Hernandez, Marquis and John Lannan have to pitch that way because they're not going to overwhelm many hitters. But they've all got ERAs under 3.5 so far this year. The team has allowed just three innings of three runs or more this year, and that's largely because when hitters have made contact, they haven't teed off on may pitches. The Brewers tagged Marquis for eight hits in the first four innings on Sunday, but only came away with two runs. After that, he only allowed one more hit, and because he was working efficiently, he left with 100 pitches in seven innings.
"It's tough to string five, six, seven hits in a row and score three or four runs," Marquis said. "My mentality has changed a lot. I'm a lot more relaxed on the mound. I try to limit the big inning, and just make pitches."
More and more, the group is adopting the approach of McCatty, himself a former innings-eater with the Athletics in the early 1980s. Whereas St. Claire's approach relied more on the biomechanics of each pitcher, McCatty - who coached Lannan, Balester and Clippard when he was the Nationals' Triple-A pitching coach - talks about working to contact as an organizational mantra, before backing off of that word because "I'm too simple for that," he said.

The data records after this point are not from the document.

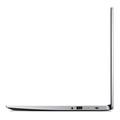 Acer Aspire/3/3050U/15,6''''/FHD/8GB/256GB SSD/AMD int/W11H/Gray/2R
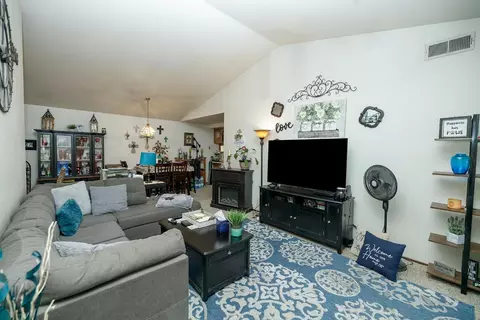 1320 Jarrell Ct, Modesto, CA 95355 photo 34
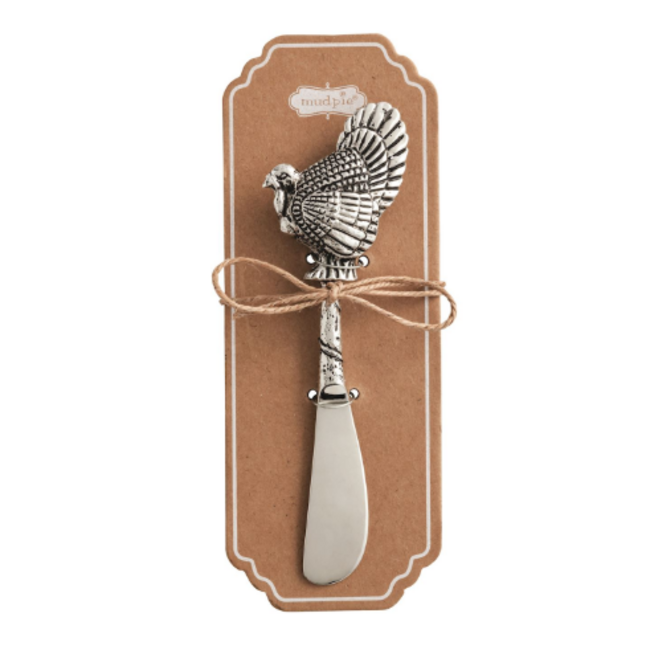 Thanksgiving Spreader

"Throw the ball over the plate. Throw strikes, meat," McCatty said when asked what he teaches pitchers. "It's not something I just made up. It's that simple. You've just got to figure it out. This game is a game of failure, right? A .500 pitcher gets paid well. A .300 hitter gets paid great. The odds are in your favor that they're going to make an out. You don't hurt yourself by walking guys, putting them on base and making it easier. Billy Martin always used to say, 'The only play we can't defense is a walk.' ... If you give your guys a chance to make plays, good things will happen."
That hasn't always been true for the Nationals; they played .385 ball after a 20-15 start last year largely because their starting pitching was ravaged by injuries and ineffectiveness, as Lannan went to the minors in June, Marquis had surgery and Hernandez slumped in the summer. And while Rizzo, Riggleman and McCatty have pursued their fair share of efficient sinkerballers, they also covet the big arms; after picking Strasburg first overall in 2009, the Nationals took four pitchers with 95-mph fastballs in 2010, those arms denoted by red cards on their draft board.
But even Strasburg, who might have had the best strikeout stuff in baseball last year, kept himself to 15.77 pitches per inning because he knew when to pursue a quick inning. And for now, while the Nationals await his return, they've found a way to get by.
They don't have a pitching staff that's going to win them many games, but there also haven't been many that the group has lost for the Nationals. In a game of failure, playing those percentages is the best chance the Nationals have.
"We know what we want to do," McCatty said. "The velocity thing is great - you can get away with a few more mistakes. But if you make your pitches, chances are in your favor you're going to get people out. It's pretty simple to me."